For communities whose $m_{C_i}>0$, the INF value of nodes in this community will be calculated and the node with the maximum INF value will be selected as the seed node. To reduce the propagation overlap between seed nodes selected from the same community, the node will be removed from the network when it is selected as a seed node and the influence of its in-neighbors should be weakened. Suppose that node $v_j$ is a in-neighbour of node $v_i$, the topology and attribute influence of $v_j$ will be reduced if node $v_i$ is selected as the seed node. The updated topology influence $TI_{out}^{'}(v_j)$ and attribute influence $AI_{out}^{'}(v_j)$ can be calculated as:

$$\begin{aligned} \left\{ \begin{aligned} TI_{out}^{'}(v_j)&= TI_{out}(v_j)-1 \\ AI_{out}^{'}(v_j)&= AI_{out}(v_j)- \overline{s_a}(v_j,v_i). \end{aligned} \right. \end{aligned}$$

(17)

Then normalization topology and attribute influence of $v_j$ can be updated by taking Eq. (17) into Eq. (15), respectively.
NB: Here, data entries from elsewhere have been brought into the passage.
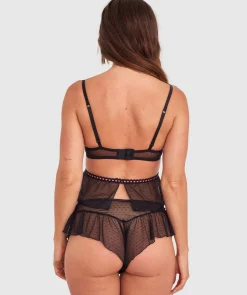 Night Games Bow Peep French Knicker - Black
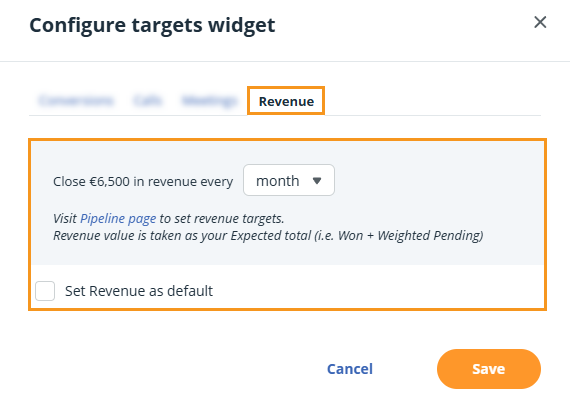 Action Stream | Configure Targets widget for Revenue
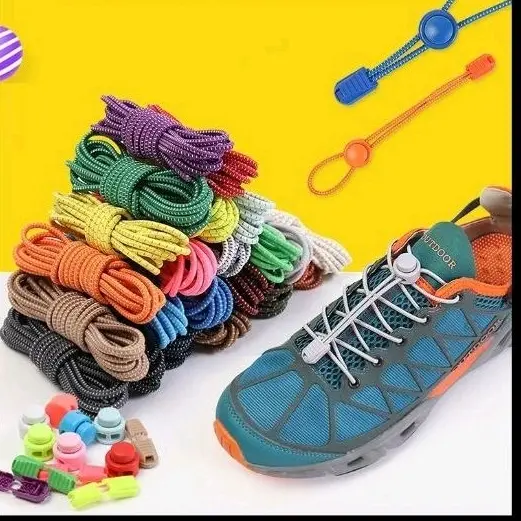 (F) Tali Sepatu Elastis Karet Praktis Model Lock Tube Tali Sepatu Lazy Shoelace with Lock zipper ( F )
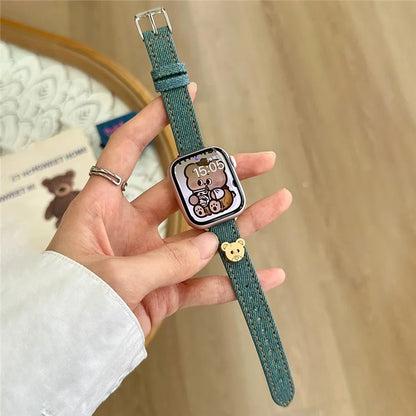 For Apple Watch Ultra 2 Ultra 49mm / 9 8 7 45mm / 6 5 4 SE (2023) SE (2022) SE 44mm / 3 2 1 42mm Denim Watch Strap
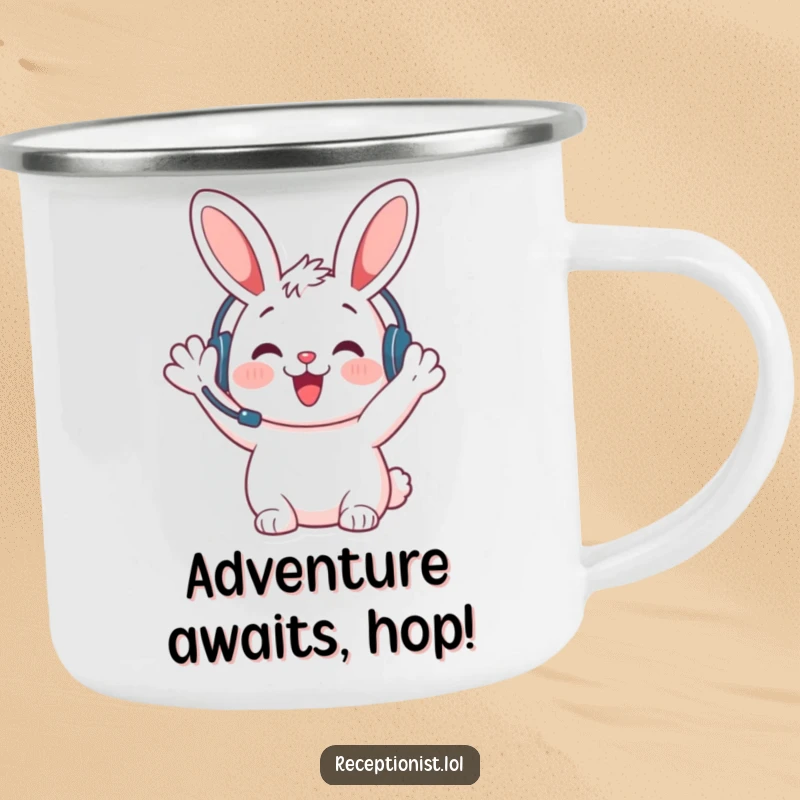 Funny bunny welcome camping mug, wearing a headset and waving, perfect for outdoor adventures with a cheerful vibe.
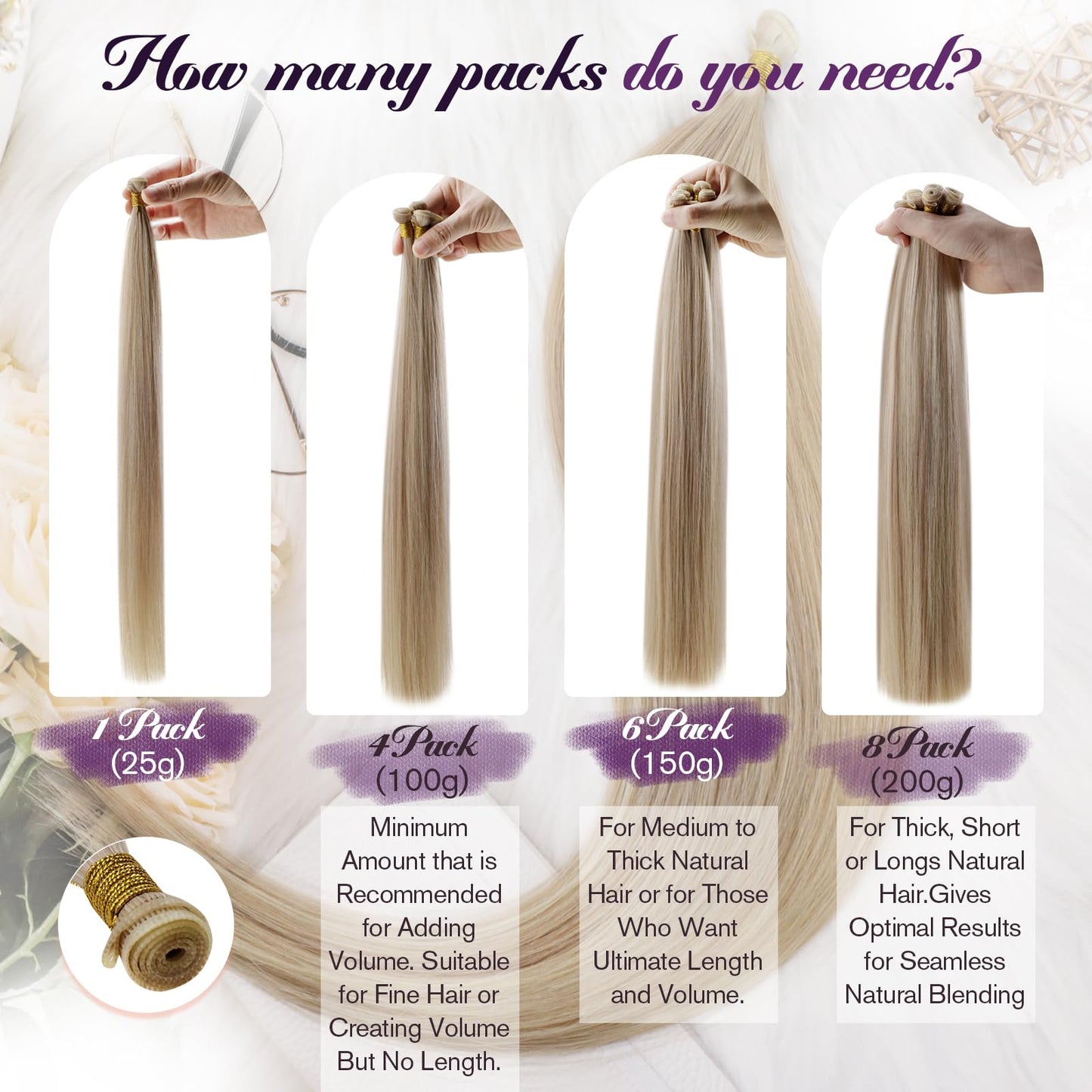 LaaVoo Genius Weft Hair Extensions Human Hair Blonde Sew in Weft Extensions Real Human Hair Blonde Highlights 25g 16 Inch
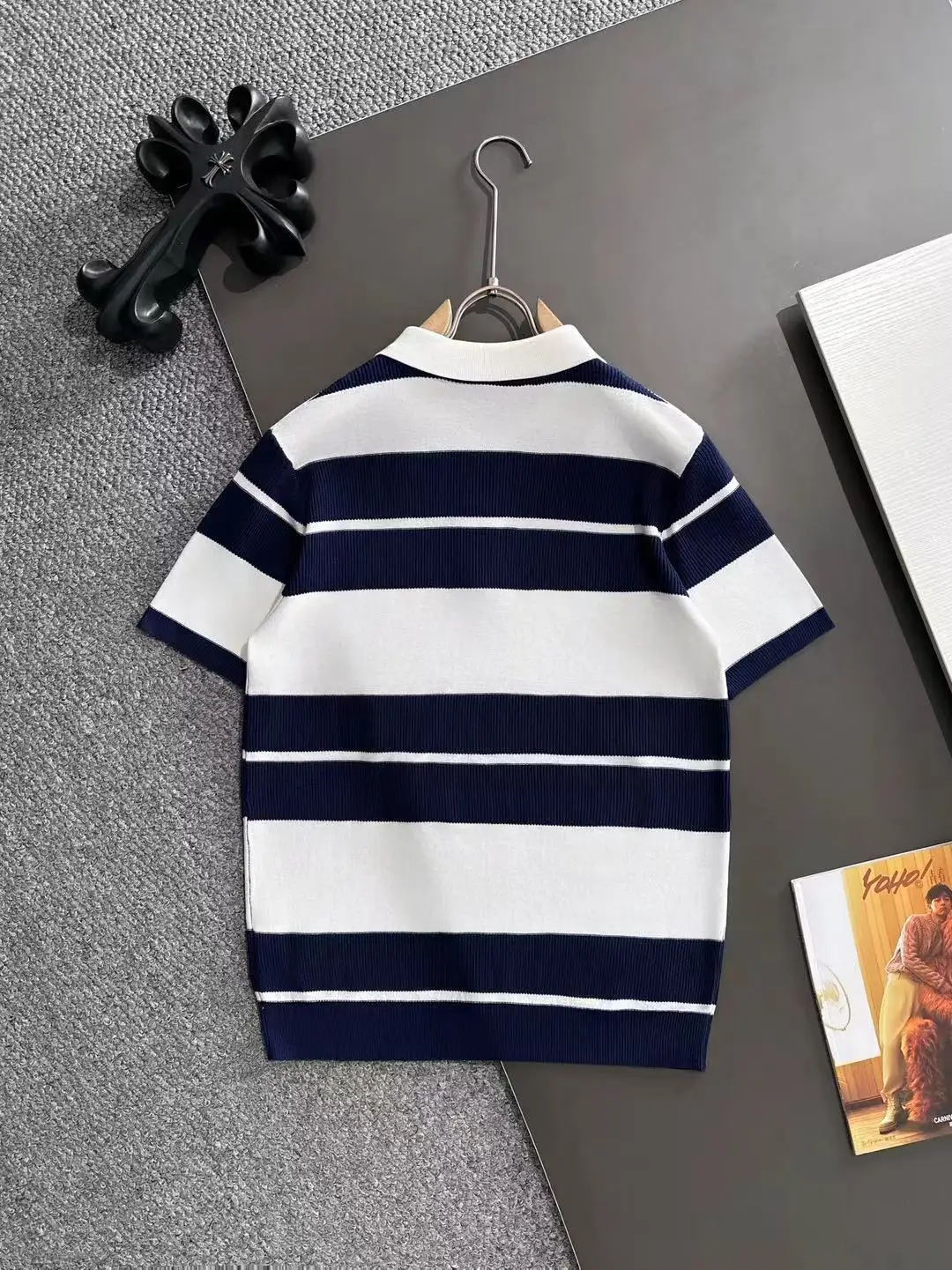 Striped Knit Half-Zip Polo Shirt D20015249 — view 9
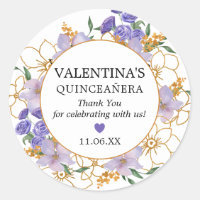 Quinceanera Purple Dourado Favor Floral Obrigado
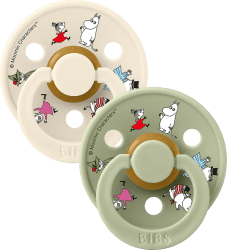 Moomin Colour snuð 2 pack Friends – Ivory mix str 1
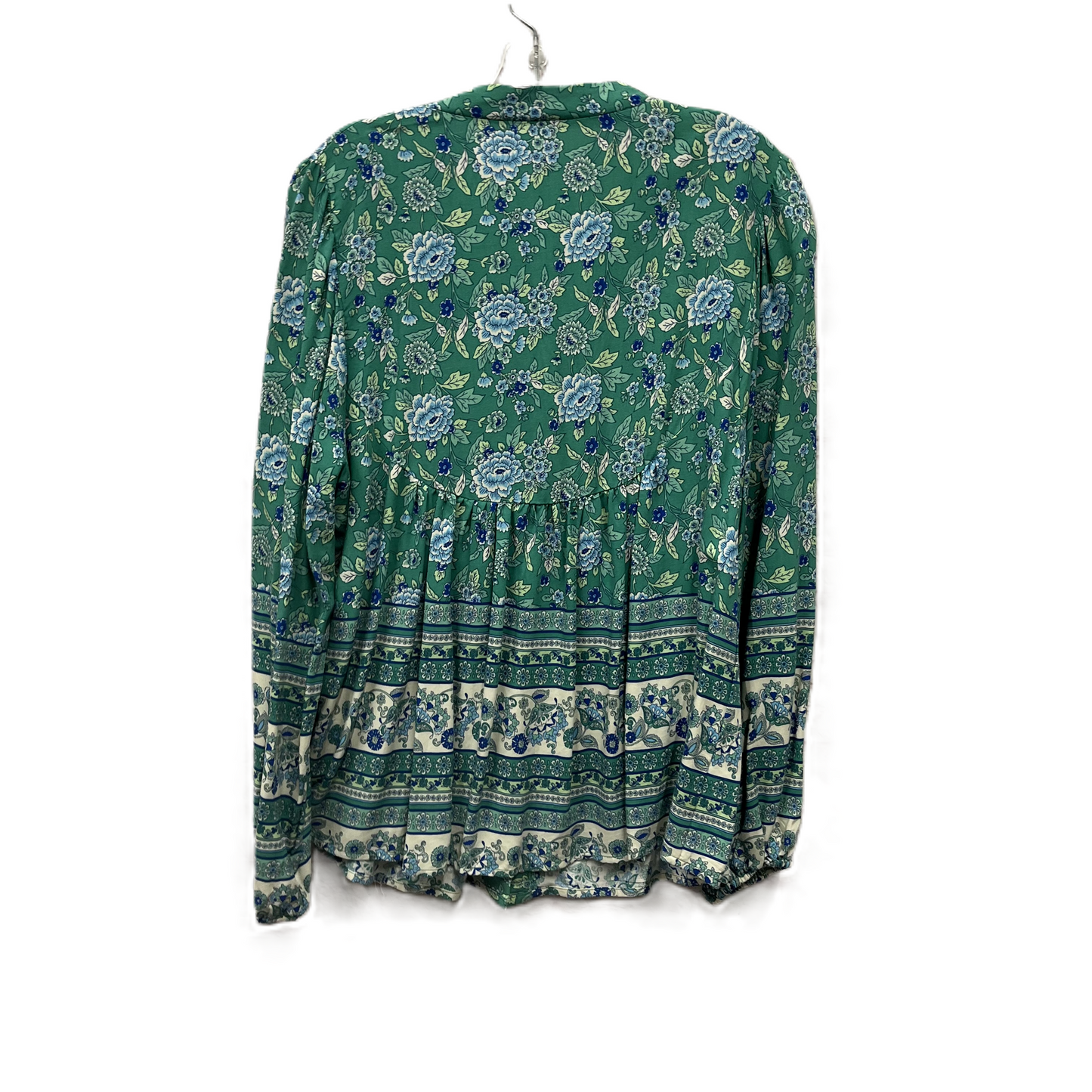 Top Long Sleeve By Cme In Green, Size: L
Finally, $INF(v_j)$ is also updated by recalculating Eq. (16). The node with the maximum INF will be selected as the seed node in each iteration. The proposed seed nodes selection method can be summarized as Algorithm 1.

Complexity analysis

We also analyze the time complexity of our proposed algorithm. Firstly, if DAGC method iterates t times, the time complexity of DAGC community detection is $O(N^2dt+ndt^2)$ where N is the number of nodes, d is the number of attributes and n is the number of nonzero entries of the adjacency matrix A⁴⁵. Secondly, influence values for nodes in communities whose $m_{C_i}>0$ will be calculated in the seed nodes selection phase (as described in the 3th to 9th rows of Algorithm 1), which have a $O(l\cdot m_{C_i}\cdot |C_i|)$ complexity. Since $|C_i|$ can be approximated as the average value $\frac{N}{l}$ and $m_{C_i}$ is a constant, $O(l\cdot m_{C_i}\cdot |C_i|)\approx O(N)$. The complexity for recalculating influence of the selected node’s in-neighbors (as described in the 12th row of Algorithm 1) is $O(l\cdot m_{C_i} *N_{in}(v_i^*))$. Since $N_{in}(v_i^*)\ll |C_i|$, $O(l\cdot m_{C_i} *N_{in}(v_i^*))\ll O(N)$, the complexity of the seed nodes selection method is O(N). Overall, the total complexity of our proposed influence maximization algorithm is $O(N^2dt+ndt^2+N)$.

Results

Data description

We evaluate the performance of the proposed algorithm on five real world datasets and a large-scale synthetic dataset. Details of these datasets are described in Table 1. Five real world datasets including Pubmed, Cora, Cornell, Texas and Washington. The Pubmed dataset consists 19,717 scientific publications from PubMed database pertaining to diabetes classified into one of three classes. Its citation network consists 44,338 links. Each publication in the dataset is described by a TF/IDF weighted word vector from a dictionary which consists of 500 unique words. The Cora dataset consists 2708 scientific publications and 5429 links. Each publication in the dataset is described by a 0/1-valued word vector indicating the absence/presence of the corresponding word from the dictionary. The dictionary consists of 1433 unique words. The Cornell, Texas and Washington datasets are gathered from three different universities. Each line of these datasets contains two webpage IDs. The first entry is the ID of the webpage being cited and the second ID stands for the webpage which contains the citation. The synthetic large dataset named ‘Synthetic’ is constructed with 105,000 nodes and 830,159 edges. To generate our synthetic dataset, the function $random\_partition\_graph()$ in the networkx package of Python is used. More specifically, the number of community is set as 3 and the size of community is set as $[3\times 10^4, 3.5\times 10^4, 4\times 10^4]$. Nodes in the same community are connected with probability $2.5\times 10^{-4}$ and nodes of different communities are connected with probability $1\times 10^{-4}$. The attribute of each node is a vector of size 100. Initially, each bit of the vector is randomly assigned 0 or 1. When all neighbors of a node have attributes, the attribute of this node is rounding the average attribute value of its neighbors.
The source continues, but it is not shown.